== Available records ==
......
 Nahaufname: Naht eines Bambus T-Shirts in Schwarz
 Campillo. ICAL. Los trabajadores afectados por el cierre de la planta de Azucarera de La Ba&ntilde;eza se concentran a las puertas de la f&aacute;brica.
......
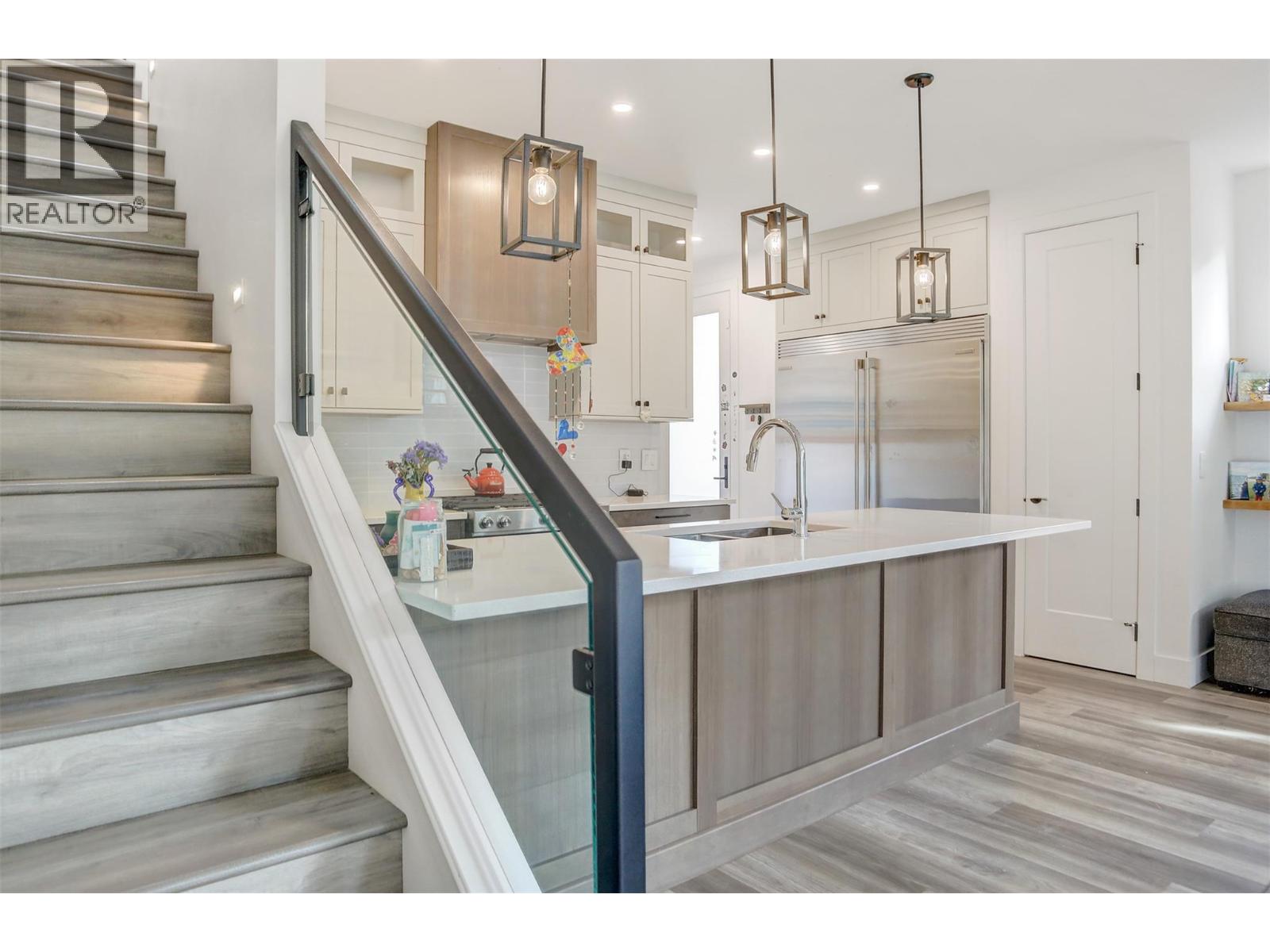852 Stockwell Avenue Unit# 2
......
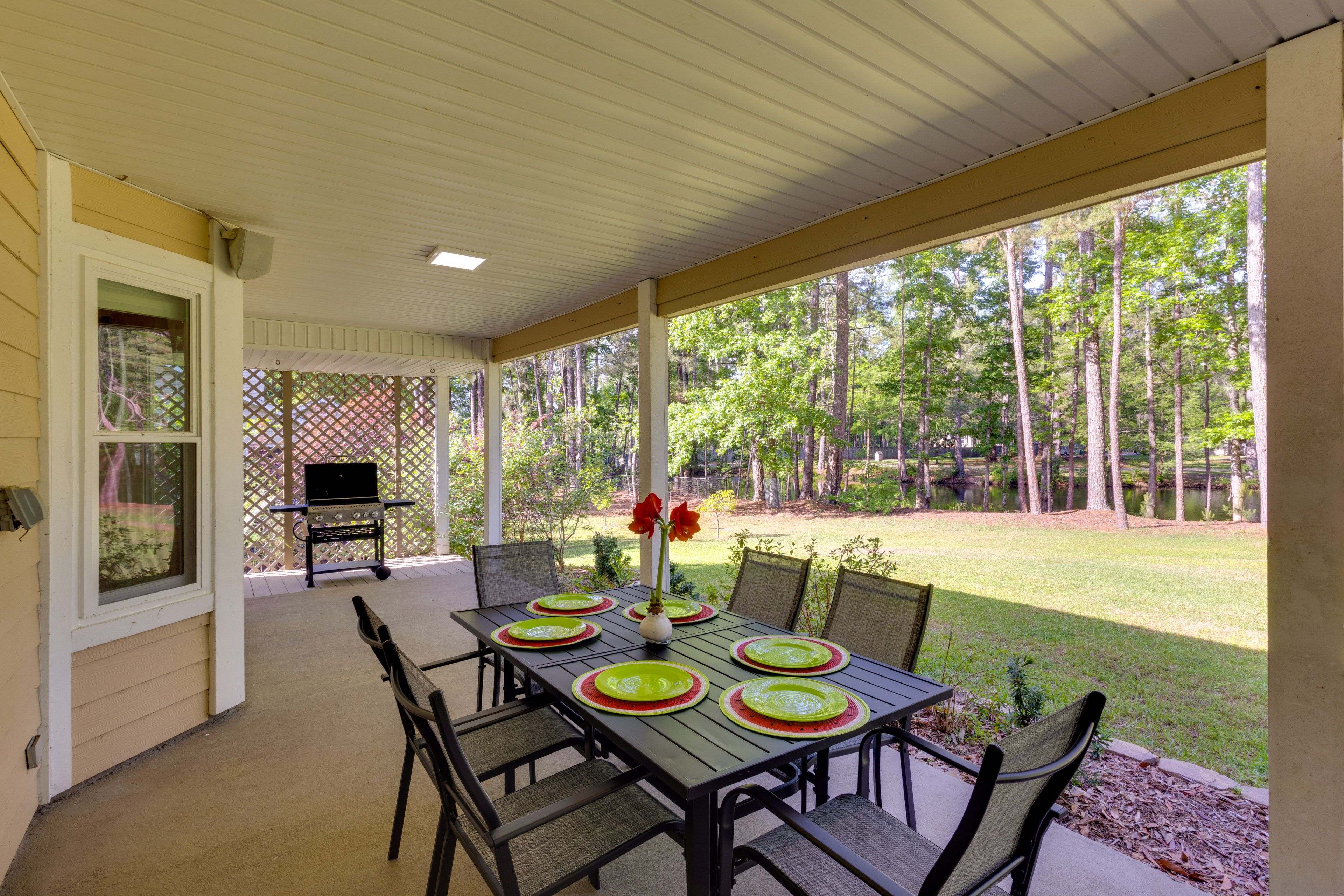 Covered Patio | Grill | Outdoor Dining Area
......
In the entries above, please find the line with "Nahaufname: Naht eines" and the line with "Campillo. ICAL. Los", then write out exactly those two lines and every line between them, and nothing more.

== Exercise response ==
 Nahaufname: Naht eines Bambus T-Shirts in Schwarz
 Campillo. ICAL. Los trabajadores afectados por el cierre de la planta de Azucarera de La Ba&ntilde;eza se concentran a las puertas de la f&aacute;brica.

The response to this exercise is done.